Perdita professionalità, licenziamento illegittimo, infortuni sul lavoro, demansionamento, indennità: quando il risarcimento va dichiarato.

Danno non patrimoniale alla professionalità patito dal lavoratore: va ascritto alla categoria del danno emergente

Il danno non patrimoniale alla professionalità, patito dal lavoratore in conseguenza della grave lesione dei propri diritti costituzionalmente garantiti, va ascritto alla categoria del danno emergente, sicché la relativa liquidazione giudiziale dev’essere effettuata al loro delle ritenute fiscali, essendo soggette a tassazione, tra le somme percepite dal contribuente a titolo risarcitorio, soltanto quelle dirette a reintegrare il lucro cessante derivante dalla mancata percezione di redditi.

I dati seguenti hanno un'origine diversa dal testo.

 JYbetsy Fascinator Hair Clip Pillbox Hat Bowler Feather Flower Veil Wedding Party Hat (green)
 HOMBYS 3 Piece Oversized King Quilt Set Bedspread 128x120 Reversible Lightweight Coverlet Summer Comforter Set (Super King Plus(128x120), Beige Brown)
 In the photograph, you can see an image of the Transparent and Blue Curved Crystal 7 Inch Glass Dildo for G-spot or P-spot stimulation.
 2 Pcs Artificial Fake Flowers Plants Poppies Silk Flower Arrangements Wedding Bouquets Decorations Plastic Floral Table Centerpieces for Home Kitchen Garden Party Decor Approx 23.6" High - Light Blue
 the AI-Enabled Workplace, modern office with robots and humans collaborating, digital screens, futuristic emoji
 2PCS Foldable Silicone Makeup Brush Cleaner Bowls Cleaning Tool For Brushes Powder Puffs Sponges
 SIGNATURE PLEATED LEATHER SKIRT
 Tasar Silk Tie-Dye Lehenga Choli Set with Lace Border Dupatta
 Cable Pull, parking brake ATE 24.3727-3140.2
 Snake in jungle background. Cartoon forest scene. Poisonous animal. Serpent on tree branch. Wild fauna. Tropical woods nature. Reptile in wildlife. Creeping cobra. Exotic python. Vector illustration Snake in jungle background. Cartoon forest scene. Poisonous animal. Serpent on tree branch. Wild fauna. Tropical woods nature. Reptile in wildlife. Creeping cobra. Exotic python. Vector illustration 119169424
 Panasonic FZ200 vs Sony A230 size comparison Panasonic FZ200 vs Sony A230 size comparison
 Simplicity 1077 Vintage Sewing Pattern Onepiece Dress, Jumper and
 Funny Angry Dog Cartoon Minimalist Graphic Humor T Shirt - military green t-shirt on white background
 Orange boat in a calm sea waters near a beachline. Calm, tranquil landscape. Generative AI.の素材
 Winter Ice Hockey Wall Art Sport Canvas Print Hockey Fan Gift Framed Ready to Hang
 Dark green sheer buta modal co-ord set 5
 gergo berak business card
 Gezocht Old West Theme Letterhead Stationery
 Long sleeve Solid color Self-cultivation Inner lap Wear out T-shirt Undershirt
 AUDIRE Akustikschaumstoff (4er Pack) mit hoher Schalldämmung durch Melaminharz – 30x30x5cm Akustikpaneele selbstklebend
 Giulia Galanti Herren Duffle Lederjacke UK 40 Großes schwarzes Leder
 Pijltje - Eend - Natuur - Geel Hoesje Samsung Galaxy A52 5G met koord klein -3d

Cassazione civile sez. lav., 03/02/2021, n.2472

Tassazione risarcimento da licenziamento illegittimo 

In tema di imposte sui redditi da lavoro dipendente, le somme percepite dal contribuente a titolo risarcitorio sono soggette a tassazione solo se, ed entro i limiti in cui, siano volte a reintegrare un danno concretatosi nella mancata percezione di redditi (cd. lucro cessante), mentre non sono assoggettabili a tassazione quelle intese a riparare un pregiudizio di natura diversa (cd. danno emergente).

(Nella specie, in applicazione del principio, la S.C., annullando la decisione impugnata, ha rigettato il ricorso del contribuente cui era stato riconosciuto un risarcimento, a seguito di licenziamento illegittimo, per mancato godimento della pensione di vecchiaia).

Cassazione civile sez. trib., 21/02/2019, n.5108

In tema di IRPEF, l’indennità commisurata alla retribuzione non percepita disposta a titolo di risarcimento del danno dalla sentenza che, ai sensi dell’art. 18 della l. n. 300 del 1970, dichiara l’illegittimità del licenziamento, è equiparabile ad emolumenti arretrati i quali, ai sensi dell’art. 16, comma 1, lett. b), del d.P.R. n. 917 del 1986, devono essere assoggettati alla stessa tassazione dei redditi sostituiti o perduti, atteso che l’annullamento del licenziamento ripristina il rapporto di lavoro con effetto “ex tunc”, lasciandone inalterata la continuità.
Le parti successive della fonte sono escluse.